> _PROBLEM REQUIREMENTS_
When you reach the line that contains "Fabiniku 14", please begin copying, and carry on exactly to the last line of the material, leaving out every picture.

+++ DATA FOR THIS EXERCISE +++

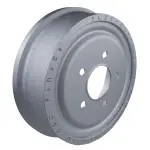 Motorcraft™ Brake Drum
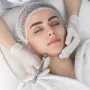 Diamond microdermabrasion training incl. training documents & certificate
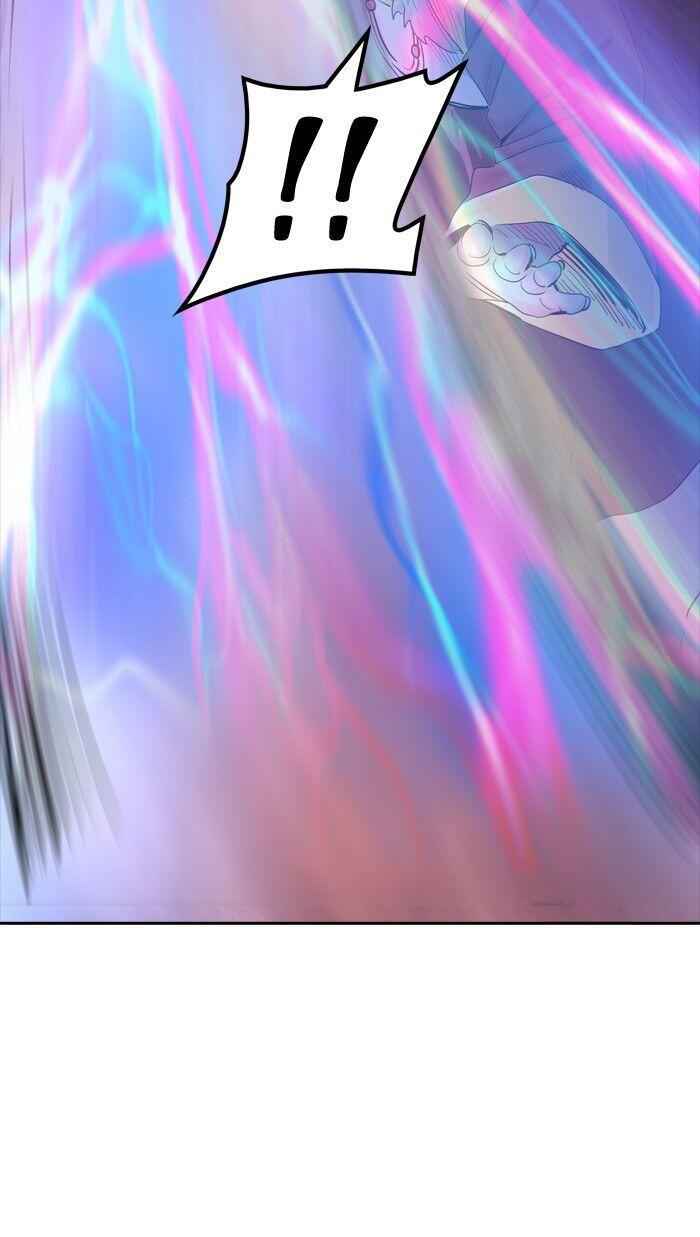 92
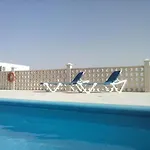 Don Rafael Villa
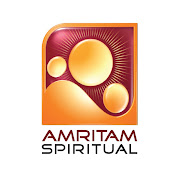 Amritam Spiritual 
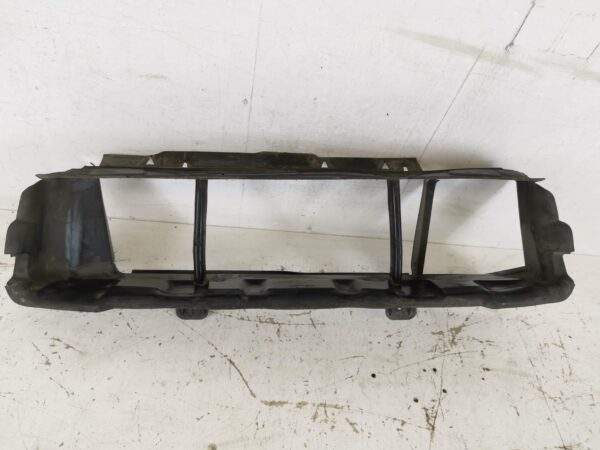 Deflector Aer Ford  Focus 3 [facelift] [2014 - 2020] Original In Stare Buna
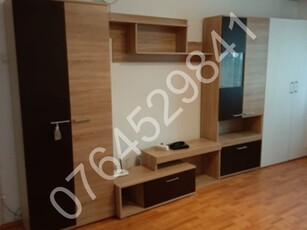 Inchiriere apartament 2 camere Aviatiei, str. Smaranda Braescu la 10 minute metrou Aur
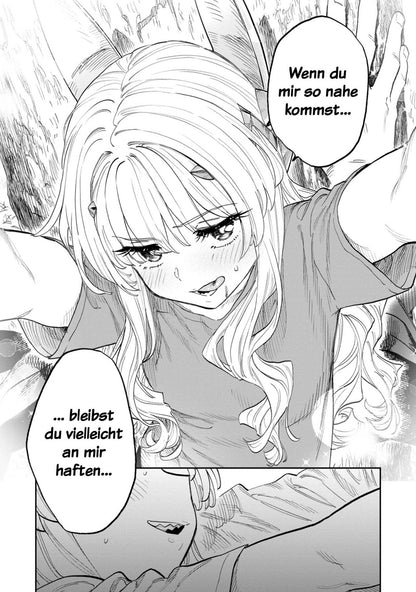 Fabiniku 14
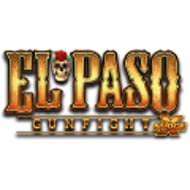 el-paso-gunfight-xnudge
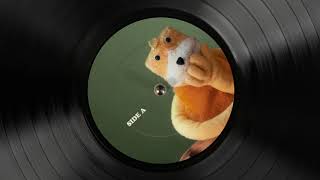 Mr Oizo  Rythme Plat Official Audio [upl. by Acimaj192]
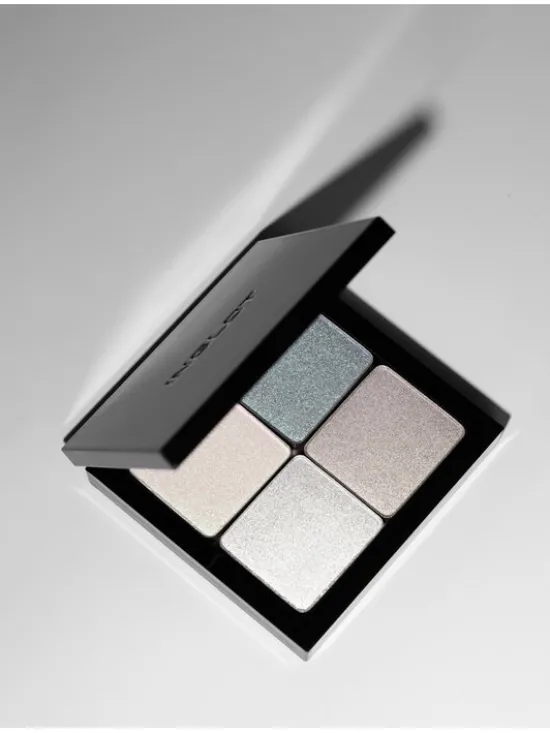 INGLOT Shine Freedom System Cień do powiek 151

+++

> _RESPONSE TO THIS EXERCISE_
 Fabiniku 14
 el-paso-gunfight-xnudge
 Mr Oizo  Rythme Plat Official Audio [upl. by Acimaj192]
 INGLOT Shine Freedom System Cień do powiek 151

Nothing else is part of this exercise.